Pada awalnya, kebudayaan adalah nilai. Ia berada dalam ruang filosofis yang menempatkan pemanusiaan manusia sebagai cita utama. Man humanizes himself in humanizing the world around him. Ini terjadi karena posisi manusia yang merupa hewan simbolik (animal symbolicum). Melampaui makhluk lain, ia selalu menempatkan simbol sebagai penyaring maknawi setiap ia berhadapan dengan alam. Dari sini tindak manusia tidak melulu menanya pada apa sifat sesuatu, tetapi bagaimana sesuatu seharusnya bersifat.
Pada ranah antropologis, langgam ini kemudian terpilah menjadi tiga ruang; ide, perilaku, dan benda.
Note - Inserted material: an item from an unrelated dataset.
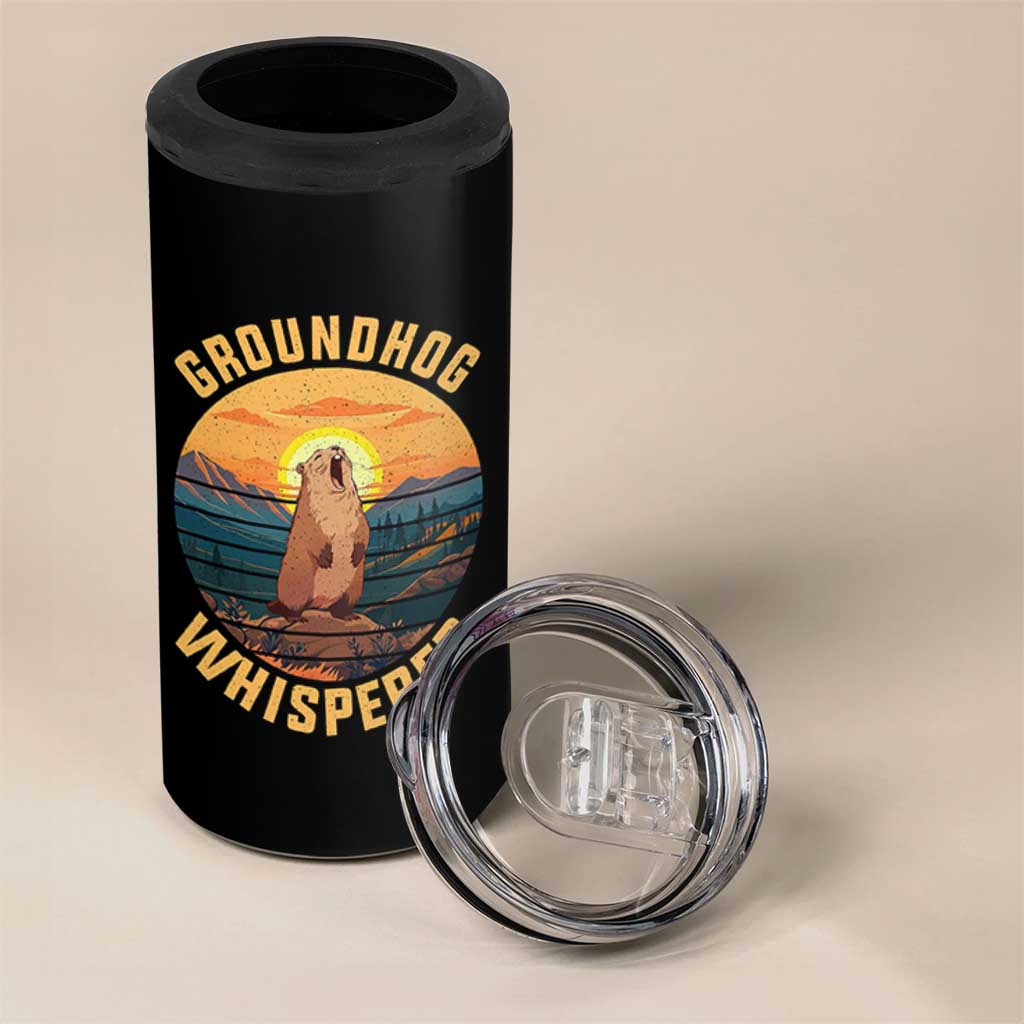 Funny Groundhog Whisperer 4 in 1 Can Cooler Tumbler Screaming Woodchuck Mountain Forest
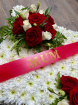 Funeral Flowers | Red & White Rose Traditional Cushion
Ide mengacu pada kebudayaan sebagai sumber bagi pandangan dunia (Weltanschauung) yang menjadi pedoman pemaknaan (system of meaning) dan penilaian (value system). Ini menjelmakan sistem kognitif yang memungkinkan manusia untuk merumuskan apa itu realitas (ontologi), serta bagaimana realitas diatur dan bermakna (kosmologi). Jika kebudayaan telah menjelma sistem makna, maka ia mampu membentuk perilaku bernilai (Lebensanschauung) yang akhirnya menentukan sistem sosial, sehingga gerak hidup dan produk peradaban, terarah berdasar pijak-tuju kebudayaan.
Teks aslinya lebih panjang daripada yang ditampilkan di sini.